Start of RECORDS FOR THIS TASK
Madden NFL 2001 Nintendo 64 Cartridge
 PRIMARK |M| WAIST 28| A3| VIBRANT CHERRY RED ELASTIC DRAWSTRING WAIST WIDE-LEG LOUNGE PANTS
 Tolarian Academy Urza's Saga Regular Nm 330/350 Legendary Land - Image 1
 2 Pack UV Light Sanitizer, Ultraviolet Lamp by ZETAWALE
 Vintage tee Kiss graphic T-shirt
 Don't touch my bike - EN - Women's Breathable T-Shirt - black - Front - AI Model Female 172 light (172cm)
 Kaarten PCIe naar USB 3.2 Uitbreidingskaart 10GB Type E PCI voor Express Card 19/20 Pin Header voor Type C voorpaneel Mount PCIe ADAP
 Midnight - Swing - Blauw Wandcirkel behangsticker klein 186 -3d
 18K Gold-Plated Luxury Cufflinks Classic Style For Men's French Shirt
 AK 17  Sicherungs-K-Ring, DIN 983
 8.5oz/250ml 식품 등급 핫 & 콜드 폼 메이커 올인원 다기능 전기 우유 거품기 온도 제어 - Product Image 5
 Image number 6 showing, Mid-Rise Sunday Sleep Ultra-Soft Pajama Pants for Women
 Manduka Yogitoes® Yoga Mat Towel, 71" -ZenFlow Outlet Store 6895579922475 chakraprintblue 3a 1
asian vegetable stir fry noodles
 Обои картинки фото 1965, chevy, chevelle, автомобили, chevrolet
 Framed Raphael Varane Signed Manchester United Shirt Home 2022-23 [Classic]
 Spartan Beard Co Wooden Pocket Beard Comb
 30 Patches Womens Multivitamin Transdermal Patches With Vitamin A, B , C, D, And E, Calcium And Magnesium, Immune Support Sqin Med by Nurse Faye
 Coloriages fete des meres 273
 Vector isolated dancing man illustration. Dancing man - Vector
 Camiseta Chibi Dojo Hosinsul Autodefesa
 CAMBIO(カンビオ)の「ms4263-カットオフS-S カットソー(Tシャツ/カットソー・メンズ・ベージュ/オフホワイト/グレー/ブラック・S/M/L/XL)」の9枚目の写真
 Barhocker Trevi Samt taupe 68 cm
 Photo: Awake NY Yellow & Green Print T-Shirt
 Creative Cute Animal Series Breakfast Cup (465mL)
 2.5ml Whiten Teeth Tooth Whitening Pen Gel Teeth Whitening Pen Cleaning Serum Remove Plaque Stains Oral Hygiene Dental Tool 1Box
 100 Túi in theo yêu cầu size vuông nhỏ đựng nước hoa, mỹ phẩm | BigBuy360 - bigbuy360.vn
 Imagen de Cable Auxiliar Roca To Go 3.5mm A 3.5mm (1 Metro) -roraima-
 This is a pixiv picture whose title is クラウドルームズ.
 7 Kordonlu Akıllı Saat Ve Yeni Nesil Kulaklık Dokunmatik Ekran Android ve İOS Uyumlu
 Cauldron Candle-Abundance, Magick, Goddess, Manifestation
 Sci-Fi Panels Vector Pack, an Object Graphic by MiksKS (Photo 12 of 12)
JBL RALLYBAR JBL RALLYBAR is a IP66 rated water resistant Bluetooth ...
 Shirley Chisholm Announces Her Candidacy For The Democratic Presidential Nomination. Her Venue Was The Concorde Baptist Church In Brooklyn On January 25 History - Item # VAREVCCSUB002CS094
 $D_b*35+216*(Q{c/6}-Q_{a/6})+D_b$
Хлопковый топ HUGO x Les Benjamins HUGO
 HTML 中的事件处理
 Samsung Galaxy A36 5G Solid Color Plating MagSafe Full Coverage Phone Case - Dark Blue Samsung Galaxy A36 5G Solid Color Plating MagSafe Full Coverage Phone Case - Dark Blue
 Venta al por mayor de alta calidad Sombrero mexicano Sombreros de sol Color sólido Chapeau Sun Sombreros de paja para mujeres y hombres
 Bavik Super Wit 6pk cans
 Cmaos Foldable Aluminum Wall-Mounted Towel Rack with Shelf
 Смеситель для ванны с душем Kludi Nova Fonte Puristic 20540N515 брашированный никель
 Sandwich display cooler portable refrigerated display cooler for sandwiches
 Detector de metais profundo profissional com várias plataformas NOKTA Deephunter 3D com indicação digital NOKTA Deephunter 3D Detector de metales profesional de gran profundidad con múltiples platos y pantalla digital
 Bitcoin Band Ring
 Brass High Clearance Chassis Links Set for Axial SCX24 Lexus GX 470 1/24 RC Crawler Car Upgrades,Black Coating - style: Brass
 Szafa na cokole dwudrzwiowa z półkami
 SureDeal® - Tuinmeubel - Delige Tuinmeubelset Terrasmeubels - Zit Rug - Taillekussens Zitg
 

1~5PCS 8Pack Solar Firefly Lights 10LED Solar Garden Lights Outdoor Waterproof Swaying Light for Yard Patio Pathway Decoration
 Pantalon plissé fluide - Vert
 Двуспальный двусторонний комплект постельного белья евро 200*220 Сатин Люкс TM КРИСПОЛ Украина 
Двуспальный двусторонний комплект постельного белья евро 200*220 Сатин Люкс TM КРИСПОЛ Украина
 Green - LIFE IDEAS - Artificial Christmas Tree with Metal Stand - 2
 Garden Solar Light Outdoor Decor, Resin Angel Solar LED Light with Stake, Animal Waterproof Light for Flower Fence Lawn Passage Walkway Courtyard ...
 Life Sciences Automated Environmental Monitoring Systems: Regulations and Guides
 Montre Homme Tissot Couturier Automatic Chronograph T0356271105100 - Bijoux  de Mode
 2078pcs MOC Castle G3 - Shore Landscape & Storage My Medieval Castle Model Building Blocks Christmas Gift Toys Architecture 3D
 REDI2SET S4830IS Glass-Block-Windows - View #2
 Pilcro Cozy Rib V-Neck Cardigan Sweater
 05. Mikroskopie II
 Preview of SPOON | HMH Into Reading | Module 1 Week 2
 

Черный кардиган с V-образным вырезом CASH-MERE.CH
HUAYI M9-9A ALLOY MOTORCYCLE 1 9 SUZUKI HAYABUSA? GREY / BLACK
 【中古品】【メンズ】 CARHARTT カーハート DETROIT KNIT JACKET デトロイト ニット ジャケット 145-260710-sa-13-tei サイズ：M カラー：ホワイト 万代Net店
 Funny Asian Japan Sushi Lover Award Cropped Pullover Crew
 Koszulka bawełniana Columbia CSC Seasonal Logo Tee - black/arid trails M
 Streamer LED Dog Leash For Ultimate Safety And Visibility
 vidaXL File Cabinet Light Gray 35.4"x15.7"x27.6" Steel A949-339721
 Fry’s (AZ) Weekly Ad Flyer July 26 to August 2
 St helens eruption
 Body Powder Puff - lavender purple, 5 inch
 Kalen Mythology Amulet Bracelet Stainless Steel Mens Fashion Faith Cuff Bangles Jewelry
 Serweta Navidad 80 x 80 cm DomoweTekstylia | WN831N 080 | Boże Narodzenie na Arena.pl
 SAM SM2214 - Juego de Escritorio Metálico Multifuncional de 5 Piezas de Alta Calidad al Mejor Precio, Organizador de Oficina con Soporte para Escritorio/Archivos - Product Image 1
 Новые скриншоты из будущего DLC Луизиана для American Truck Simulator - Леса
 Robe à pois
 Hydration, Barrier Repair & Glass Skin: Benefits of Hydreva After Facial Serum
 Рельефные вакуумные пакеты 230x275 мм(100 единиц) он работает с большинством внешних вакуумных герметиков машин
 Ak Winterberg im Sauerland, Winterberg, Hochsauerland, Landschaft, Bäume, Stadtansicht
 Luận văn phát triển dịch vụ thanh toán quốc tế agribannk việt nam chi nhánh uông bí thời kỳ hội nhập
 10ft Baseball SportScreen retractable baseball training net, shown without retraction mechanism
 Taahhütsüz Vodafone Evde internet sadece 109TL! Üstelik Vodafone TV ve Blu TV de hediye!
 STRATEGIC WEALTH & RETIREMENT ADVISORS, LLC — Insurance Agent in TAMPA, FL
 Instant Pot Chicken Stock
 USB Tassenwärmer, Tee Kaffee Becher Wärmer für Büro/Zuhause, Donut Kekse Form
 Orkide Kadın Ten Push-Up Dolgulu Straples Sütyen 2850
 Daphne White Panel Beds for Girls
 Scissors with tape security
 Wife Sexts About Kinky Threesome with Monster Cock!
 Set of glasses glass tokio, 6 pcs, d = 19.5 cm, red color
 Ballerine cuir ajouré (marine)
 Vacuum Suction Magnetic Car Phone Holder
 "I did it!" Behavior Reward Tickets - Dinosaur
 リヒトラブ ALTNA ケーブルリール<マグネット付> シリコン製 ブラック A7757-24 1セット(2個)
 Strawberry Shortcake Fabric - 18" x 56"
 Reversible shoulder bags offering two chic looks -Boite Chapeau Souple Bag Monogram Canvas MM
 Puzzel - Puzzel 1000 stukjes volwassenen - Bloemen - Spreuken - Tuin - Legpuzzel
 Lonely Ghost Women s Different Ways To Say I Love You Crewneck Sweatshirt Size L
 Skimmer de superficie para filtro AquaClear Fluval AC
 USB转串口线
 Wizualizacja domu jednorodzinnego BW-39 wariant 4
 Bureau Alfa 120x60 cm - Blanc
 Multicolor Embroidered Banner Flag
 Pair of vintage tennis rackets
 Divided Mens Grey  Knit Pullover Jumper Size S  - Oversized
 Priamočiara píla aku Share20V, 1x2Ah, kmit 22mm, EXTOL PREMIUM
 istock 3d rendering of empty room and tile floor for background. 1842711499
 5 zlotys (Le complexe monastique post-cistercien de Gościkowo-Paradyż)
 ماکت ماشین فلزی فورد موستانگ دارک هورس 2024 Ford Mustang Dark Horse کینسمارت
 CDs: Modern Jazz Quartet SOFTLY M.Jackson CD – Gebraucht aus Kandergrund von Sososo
End of RECORDS FOR THIS TASK
▶ WHAT TO WORK ON
Within the listing above, locate the line containing "Image number 6" and the line containing "Spartan Beard Co Wooden Pocket Beard Comb". Reproduce those two lines and all lines between them exactly, with nothing added.

▶ WRITTEN SOLUTION
 Image number 6 showing, Mid-Rise Sunday Sleep Ultra-Soft Pajama Pants for Women
 Manduka Yogitoes® Yoga Mat Towel, 71" -ZenFlow Outlet Store 6895579922475 chakraprintblue 3a 1
asian vegetable stir fry noodles
 Обои картинки фото 1965, chevy, chevelle, автомобили, chevrolet
 Framed Raphael Varane Signed Manchester United Shirt Home 2022-23 [Classic]
 Spartan Beard Co Wooden Pocket Beard Comb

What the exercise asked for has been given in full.